◆ TASK STATEMENT
Using the data below, copy every line that contains the word "sebagai".

[Items from a dataset]
════════════════
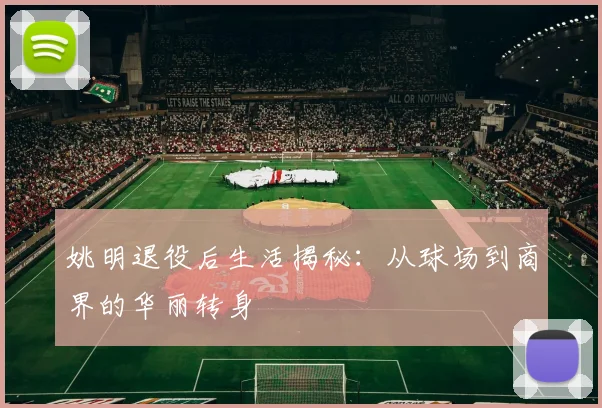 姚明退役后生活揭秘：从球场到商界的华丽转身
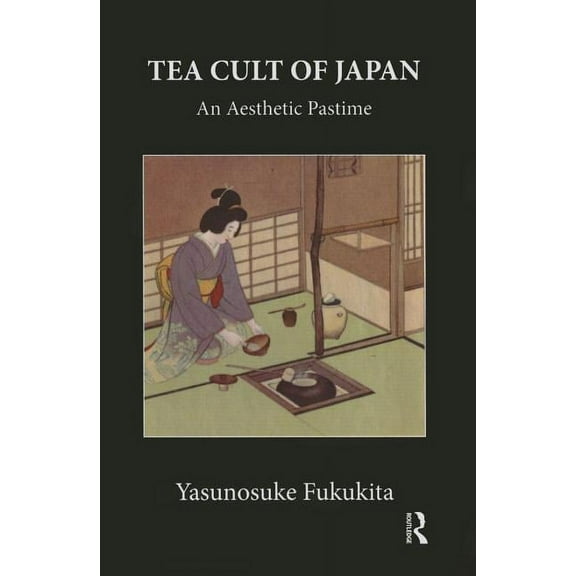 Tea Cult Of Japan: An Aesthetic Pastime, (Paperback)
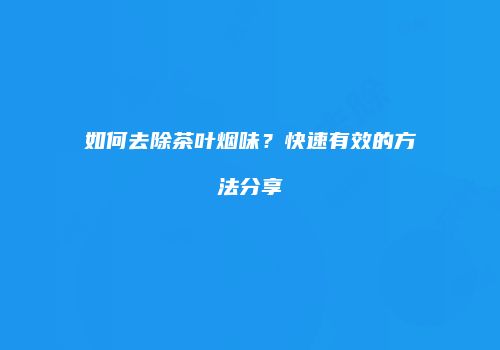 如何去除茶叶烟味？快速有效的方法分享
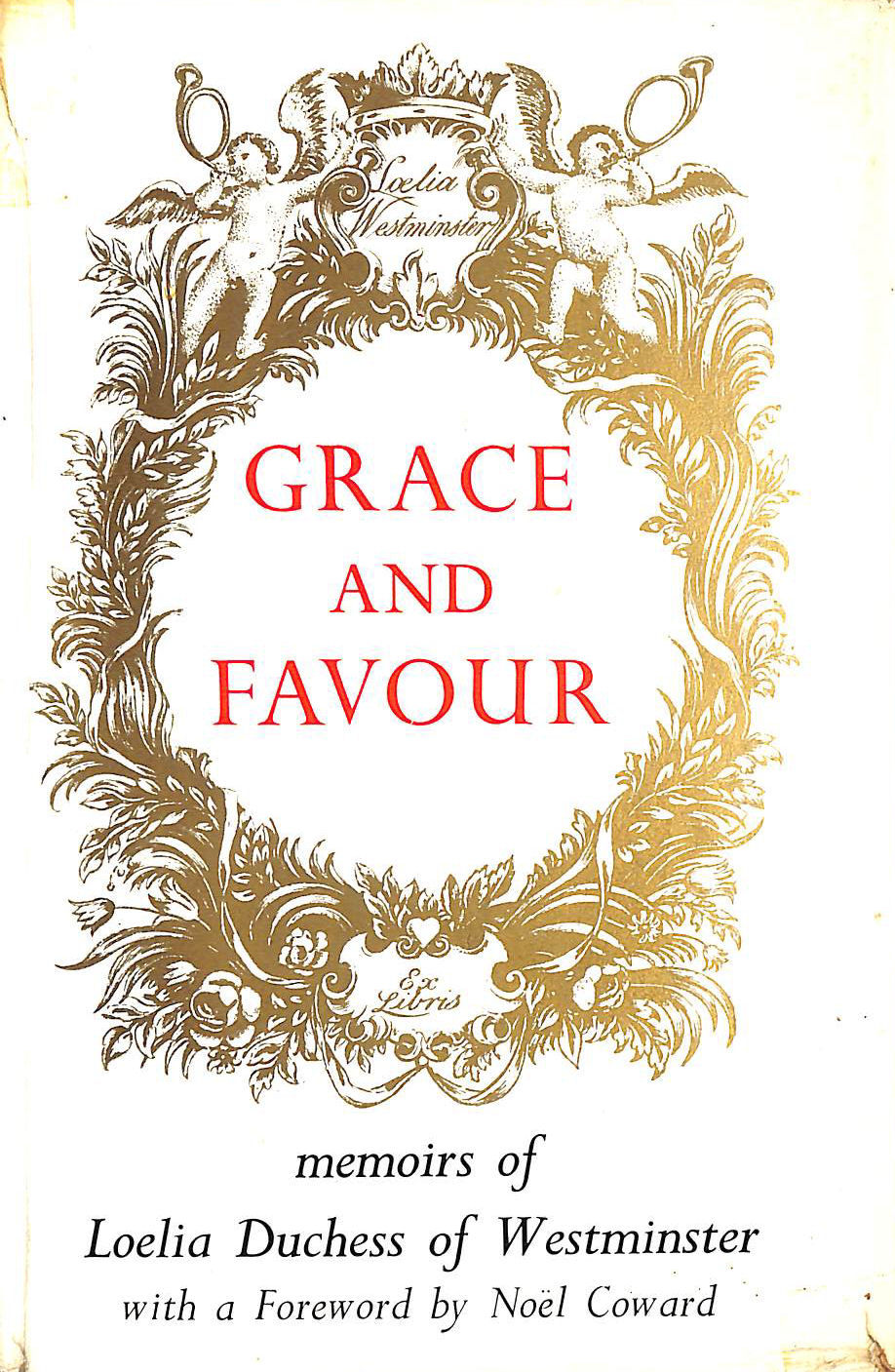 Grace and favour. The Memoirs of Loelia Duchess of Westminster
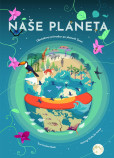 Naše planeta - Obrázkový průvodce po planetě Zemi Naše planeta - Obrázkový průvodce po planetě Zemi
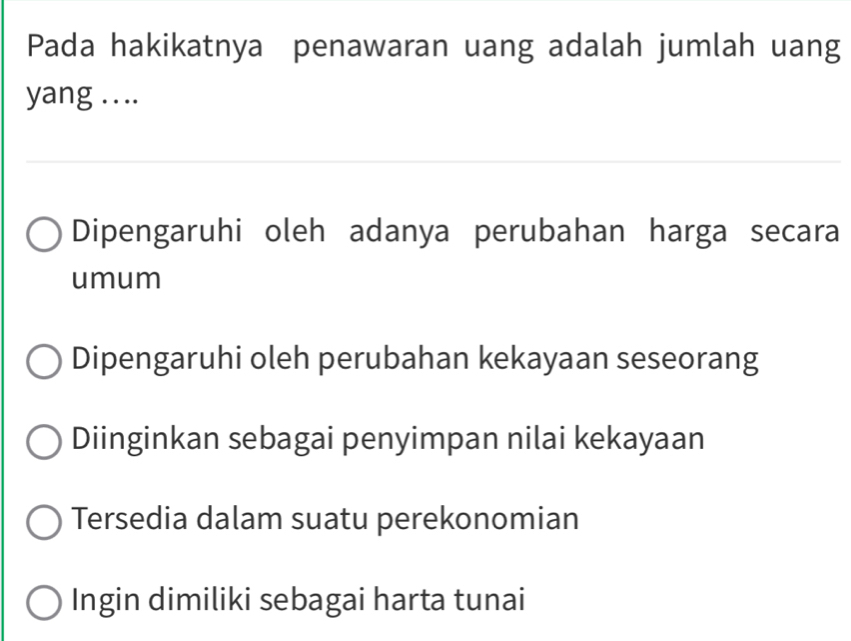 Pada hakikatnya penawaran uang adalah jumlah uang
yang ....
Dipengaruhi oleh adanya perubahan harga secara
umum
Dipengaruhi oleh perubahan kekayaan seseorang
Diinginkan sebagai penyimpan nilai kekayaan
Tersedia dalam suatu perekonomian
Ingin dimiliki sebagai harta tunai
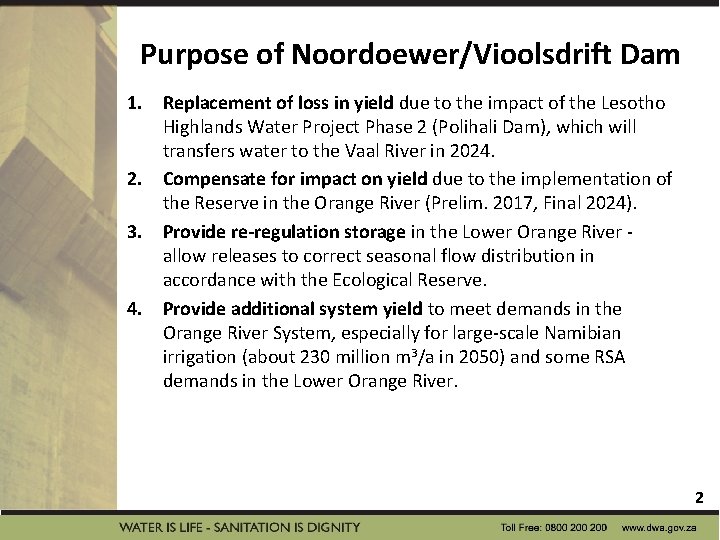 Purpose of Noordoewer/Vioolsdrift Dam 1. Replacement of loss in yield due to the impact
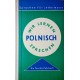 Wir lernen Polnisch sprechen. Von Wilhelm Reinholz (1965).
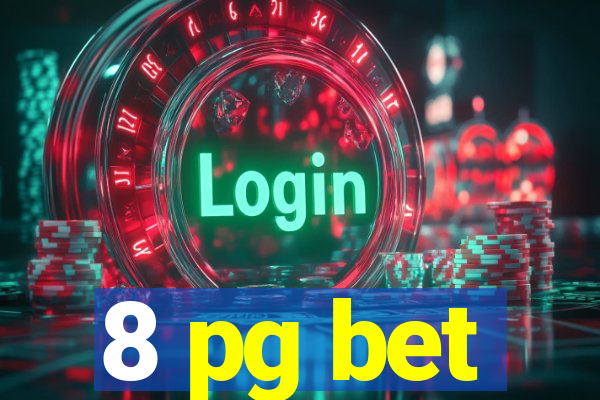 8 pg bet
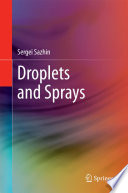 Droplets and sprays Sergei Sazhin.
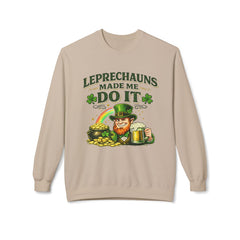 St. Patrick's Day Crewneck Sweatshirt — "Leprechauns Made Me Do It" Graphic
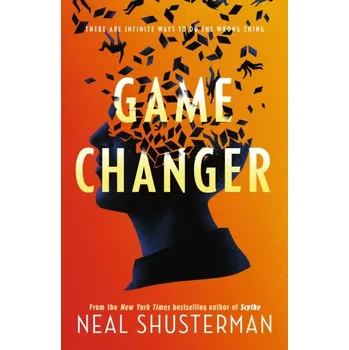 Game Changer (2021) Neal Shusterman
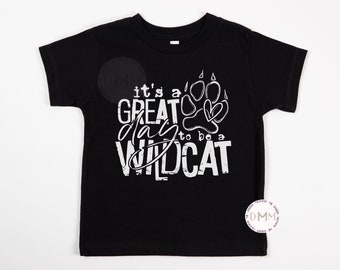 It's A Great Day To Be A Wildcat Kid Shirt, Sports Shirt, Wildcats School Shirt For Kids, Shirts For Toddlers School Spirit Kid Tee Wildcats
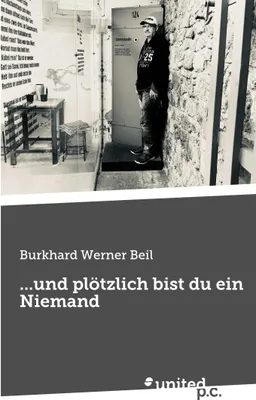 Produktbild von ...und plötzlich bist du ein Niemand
════════════════
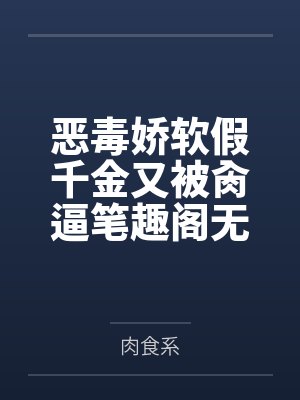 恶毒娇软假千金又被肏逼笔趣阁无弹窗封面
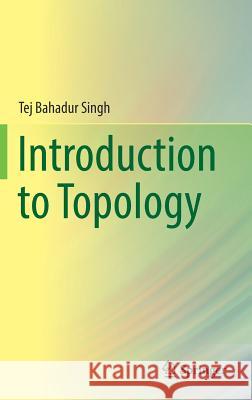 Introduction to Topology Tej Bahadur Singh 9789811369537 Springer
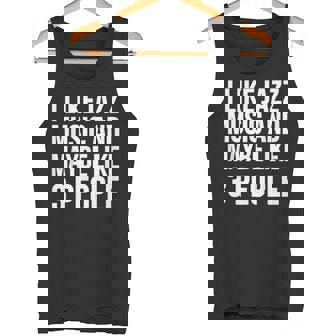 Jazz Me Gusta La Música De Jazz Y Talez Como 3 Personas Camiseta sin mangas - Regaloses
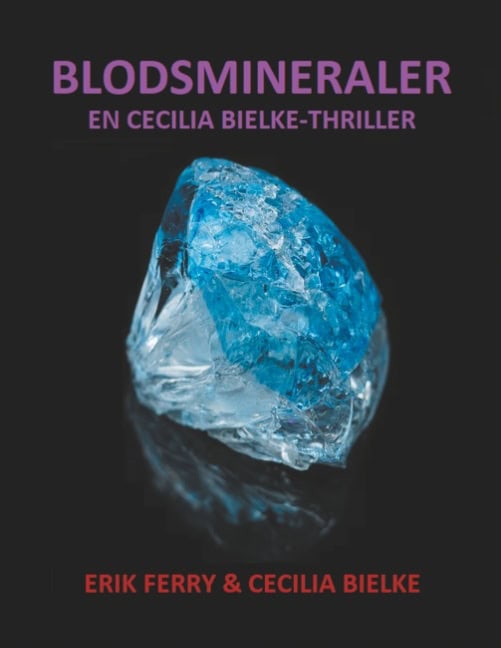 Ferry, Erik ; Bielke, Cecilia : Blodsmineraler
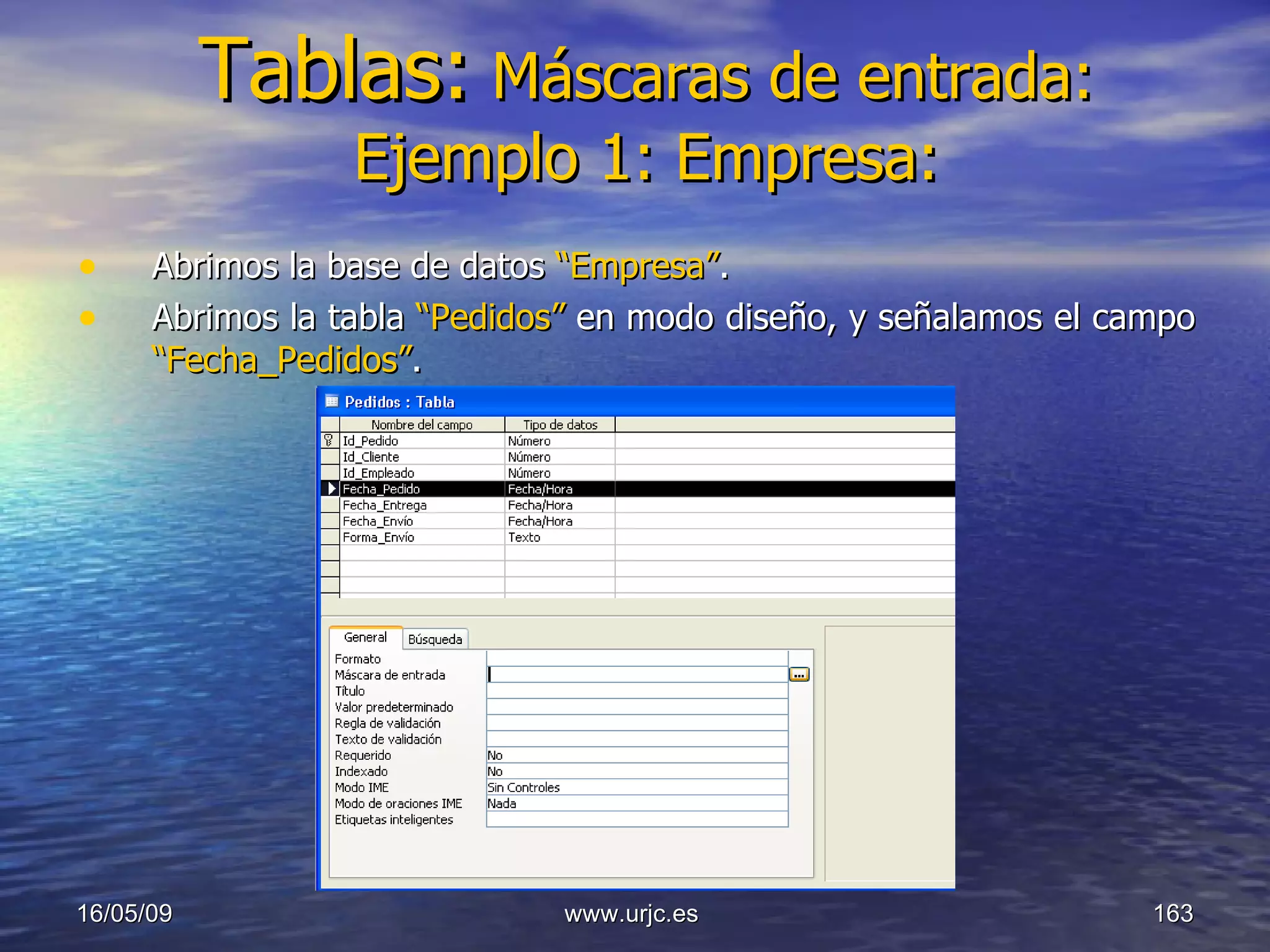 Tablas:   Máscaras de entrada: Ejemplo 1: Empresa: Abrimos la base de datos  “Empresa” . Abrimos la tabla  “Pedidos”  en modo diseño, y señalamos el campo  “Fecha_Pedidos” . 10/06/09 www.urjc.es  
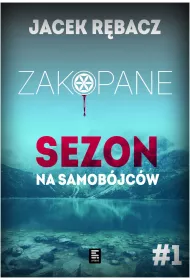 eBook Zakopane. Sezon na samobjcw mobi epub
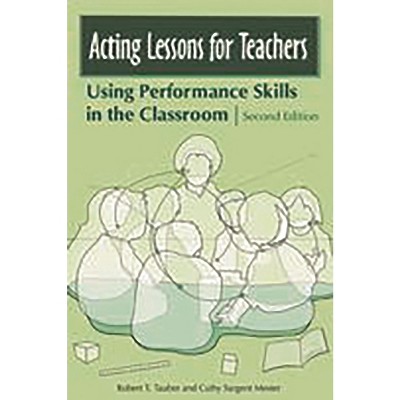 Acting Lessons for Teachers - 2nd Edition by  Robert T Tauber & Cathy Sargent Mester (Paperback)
════════════════
◆ TASK ANSWER
Diinginkan sebagai penyimpan nilai kekayaan
Ingin dimiliki sebagai harta tunai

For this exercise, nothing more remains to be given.